Nell'occasione, infatti, la Corte, nel deridere una
controversia relativa al marchio di fatto "Targa Florio", lungi dall'aver
sostenuto che non vi sarebbe marchio senza prodotto commercializzato, ha
sostenuto la diversa regola per cui la tutela di un marchio viene meno per
desuetudine ove il titolare del segno non ne abbia fatto uso per venti anni.
La motivazione della sentenza
citata appare però egualmente significativa la dove afferma che il complesso di
norme che regolano la materia dell'impresa proteggono le situazioni esistenti
evitali, per cui un marchio di fatto è tutelabile anche ove l'impresa non abbia
ancora commercializzato alcun prodotto o servizio, ma sia in procinto di farlo.
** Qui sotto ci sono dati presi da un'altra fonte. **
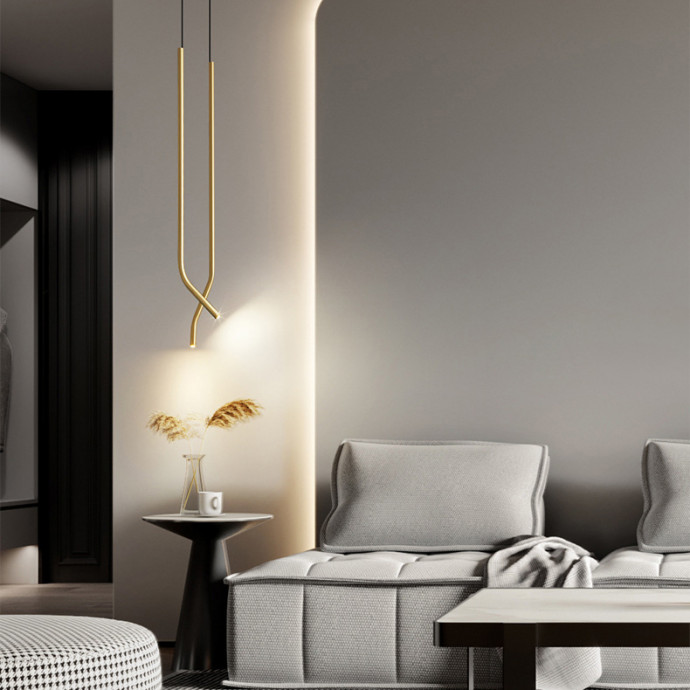 Подвесной Светильник Zakris B Brass By Imperiumloft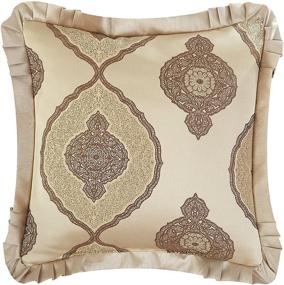 img 3 attached to Chic Home Cipriana Comforter Jacquard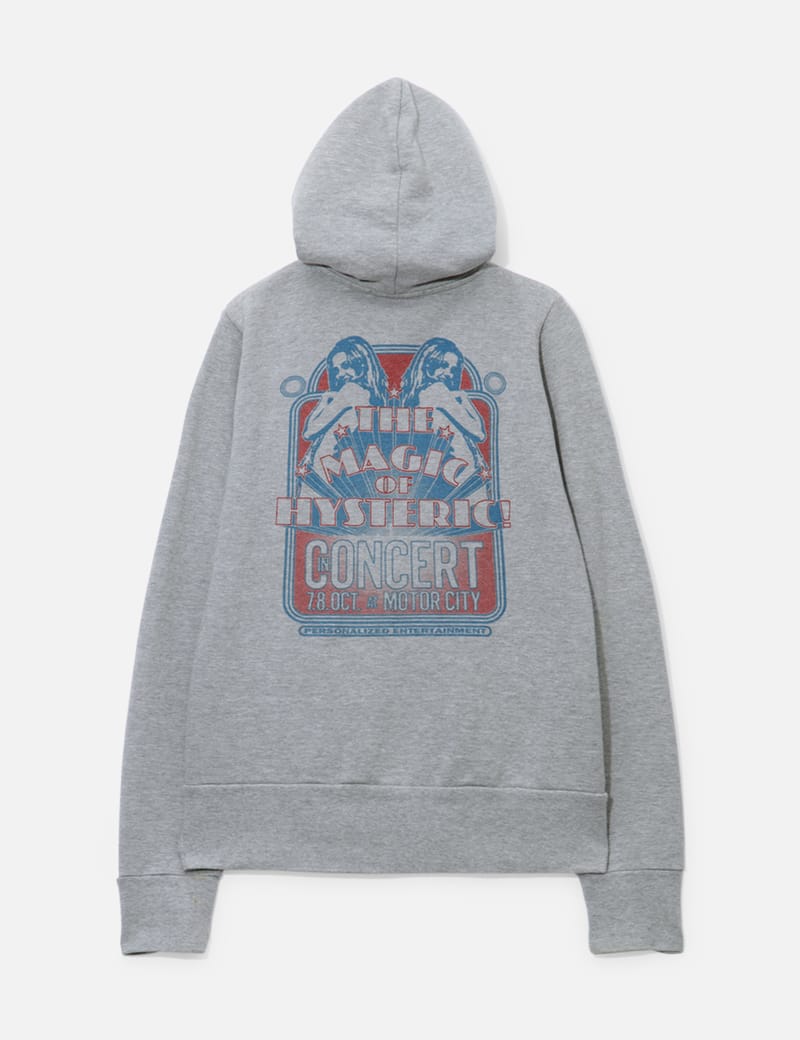 Hysteric Glamour - Hysteric Glamour Zip Up Hoodie | HBX - Globally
Non pare, infatti, al tribunale
che possa negarsi rilievo, ai fini che qui interessano, alla pubblicizzazione
di un marchio di fatto anche solo nella prospettiva della eventuale immissione
sul mercato di un bene od un servizio,
giacché non sembra che il complesso della disciplina sui segni distintivi
contenga regole che precludano la protezione di chi, prima ancora di
commercializzare una offerta, voglia garantirsi una notorietà del segno che
progetta possa contraddistinguere i suoi
beni.
4) Sulla
questione della rinomanza del marchio
Il Marcialis ha, inoltre, contestato la correttezza della
prima decisione che ha ritenuto la sussistenza di un conflitto tra un marchio
avente rinomanza - creato da Tiscali- ed un marchio con diffusione in ambito
locale, da lui utilizzato, rilevando che, anche a voler ammettere che alla data
di registrazione del domain name fosse sorto in capo alle società avversarie un
diritto di marchio non registrato, non sarebbe stato, comunque, possibile
muovergli alcuna censura.
L'impugnante ha
sottolineato, anzitutto, come le decisioni giurisprudenziali finora assunte
avessero affrontato il tema del rapporto tra domain name e segni distintivi
esclusivamente nella prospettiva (riferibile tanto al marchio registrato quanto
al marchio di fatto ) di negare la sussistenza di una violazione del diritto
esclusivo nel caso in cui tra il titolare del marchio e l'assegnatario di un
domain name non sussistesse un rapporto di concorrenza, essendo lecita la
registrazione- come nome di dominio- di un marchio altrui, ove l'entità
registrante avesse operato in un settore merceologico completamente distinto da
quello del titolare del marchio.
Nello specifico
il Marcialis ha così sostenuto non essere seriamente ipotizzabile che alcuno
dei frequentatori del sito da lui aperto potesse riferire le lampade "Andala"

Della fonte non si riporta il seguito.